Autonomous systems, particularly autonomous driving (AD), are rapidly developing in our society, driven by significant progress in perception systems with advanced deep neural networks (DNN) and sensors. Self-driving taxi services and robot delivery services are becoming increasingly common in major cities around the world. Despite their high perception capability in various challenging driving scenarios, it does not always mean high robustness in adversarial scenarios. DNN models, in particular, are known to be vulnerable to adversarial input perturbations, which can significantly affect the model output with only minor changes to the input data. Given the critical importance of road safety in AD vehicles, it is crucial to systematically understand the potential security vulnerabilities of DNN models and sensors in AD systems. My dissertation focuses on exploring these vulnerabilities and their safety implications in autonomous systems, specifically targeting two major AD sensors: cameras and LiDARs.

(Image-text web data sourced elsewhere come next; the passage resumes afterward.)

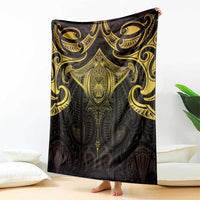 New Zealand Aotearoa Blanket Maori Manta Ray Moko Gold - Polynesian Pride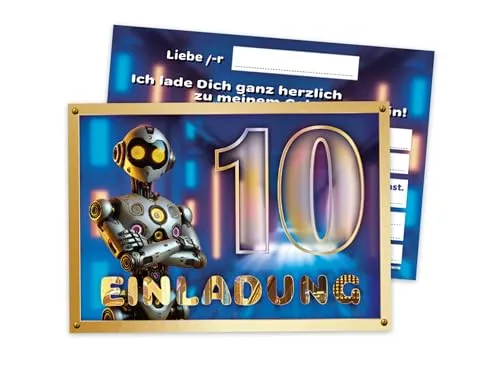 Einladungskarten zum 10. Geburtstag - Geburtstagseinladung Einladung zum Kindergeburtstag Kinderparty Techno-Party für Jungs Kinder Science High-Tech Künstliche Intelligenz Roboter Neonfarben 12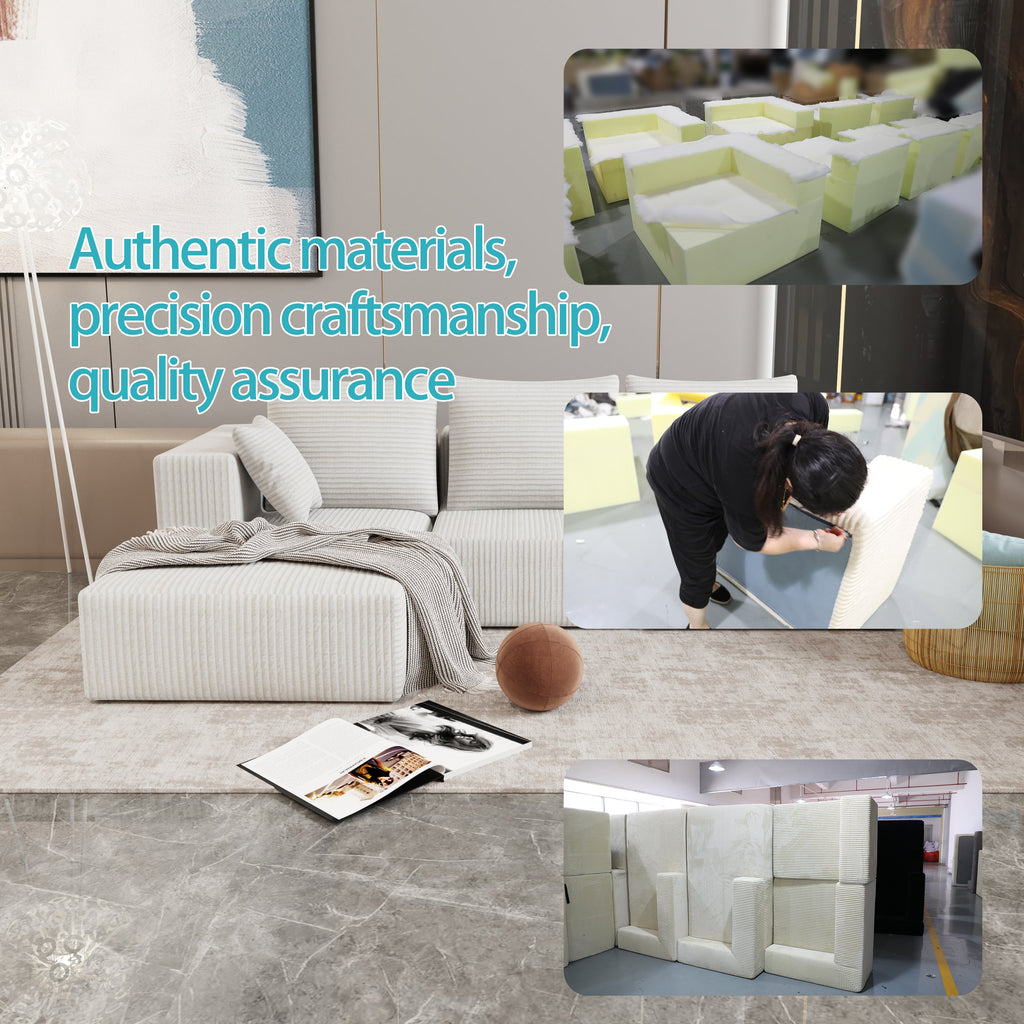 Corner combination sofa, sectional sofa ,couch sofa,sofa bed, made of high-density sponge and soft plush fabric, with multiple combinations available(beige)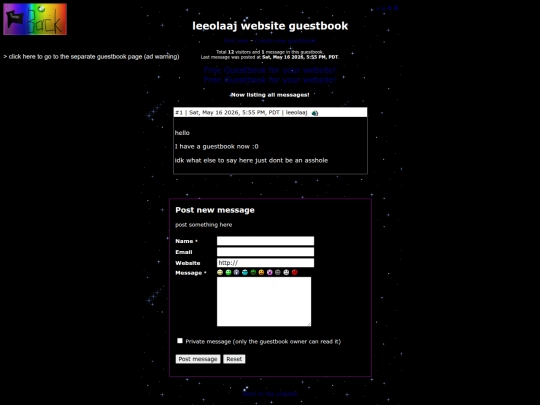guestbook screenshot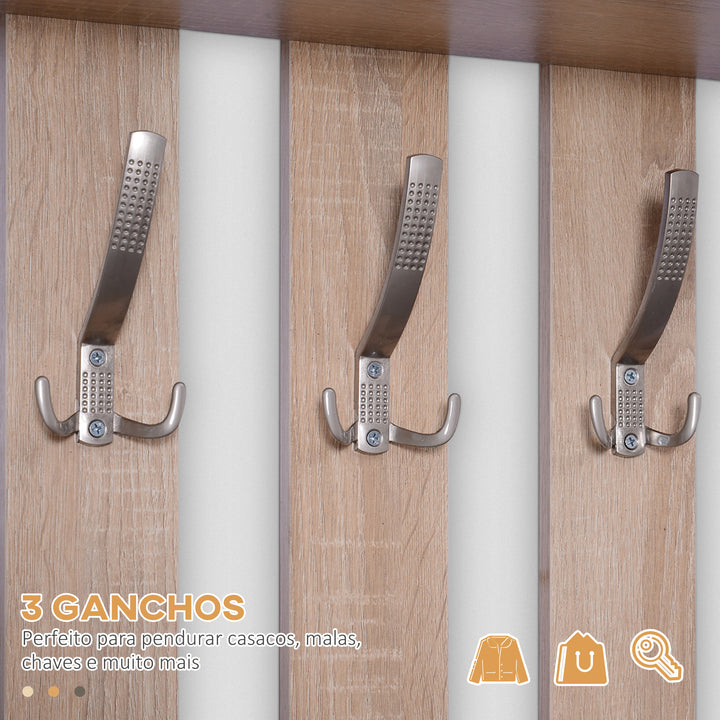 Móvel Cabide de Entrada com Espelho Ganchos e Sapateira Móvel de Entrada com 3 Ganchos Prateleira e 2 Gavetas para Corredor Carvalho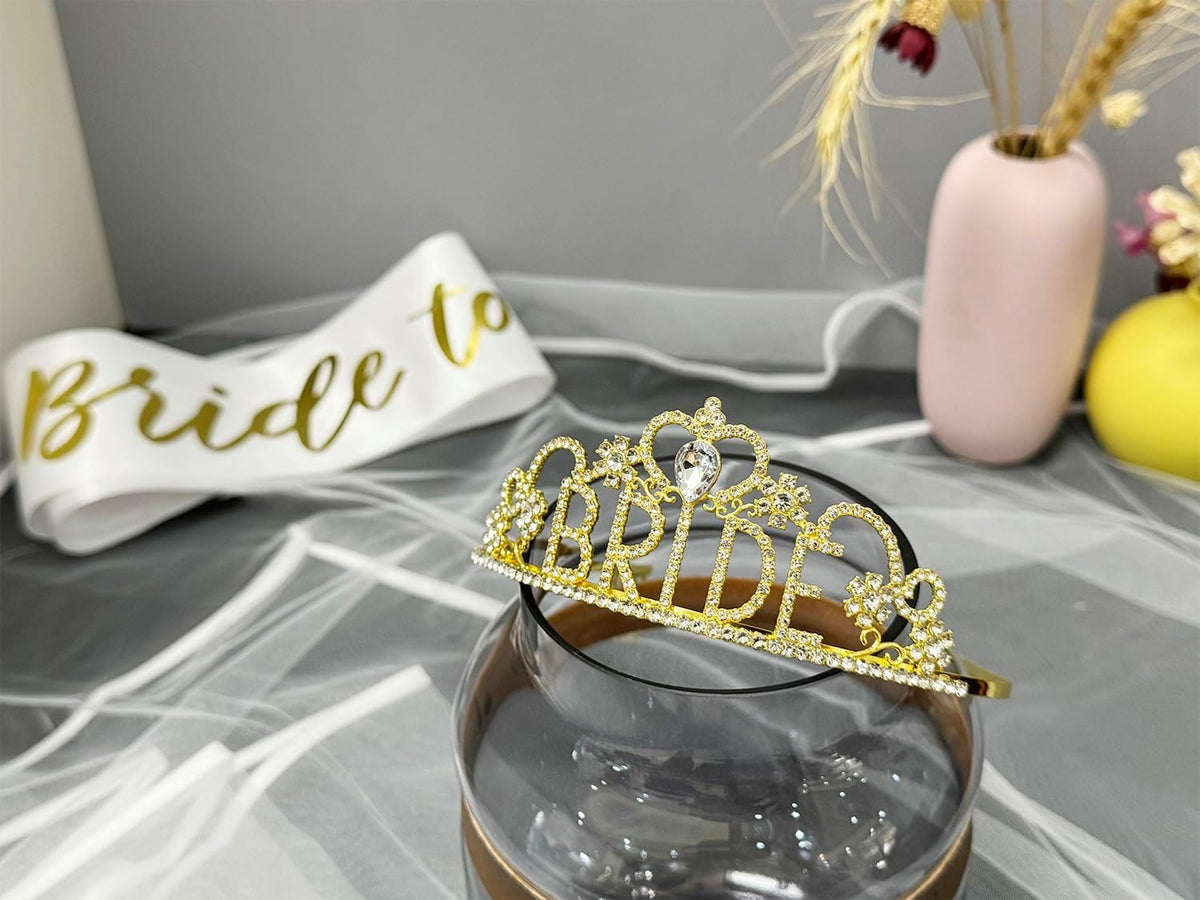 JETKONG 3 Pcs Bachelorette Party Decorations "BRIDE" Crown, Bride to Be Sash&Veil for Women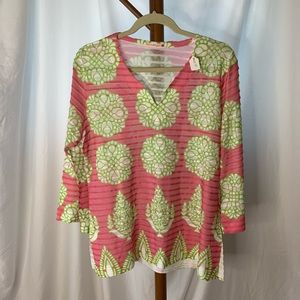 NWT Before & Again Bell Sleeved Tropical Tunic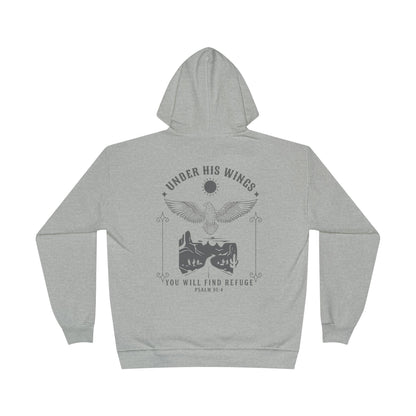 Men’s Christian Hoodie – Under His Wings Psalm 91:4 Faith Pullover with Cross & Eagle Back Design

Cameras are widely used in AD perception due to their affordability and the reliance on visual information in human driving, such as lane lines and traffic signs. However, camera inputs can be easily perturbed by various attack vectors, including physical stickers and laser or light reflections. LiDAR is one of the most innovative sensors in the past decade and plays a crucial role in higher automation levels such as Level-4 AD due to their ability to capture 3D surrounding information as point clouds. Nevertheless, LiDAR is fundamentally vulnerable to malicious lasers emitted by adversaries. In this dissertation, I present new practical attacks for these two types of sensors, evaluate the impact of these attacks, and explore potential defenses. By systematically analyzing the security implications at the DNN model level and the closed-loop autonomous driving level, my research aims to contribute to the development of more secure and safer autonomous systems.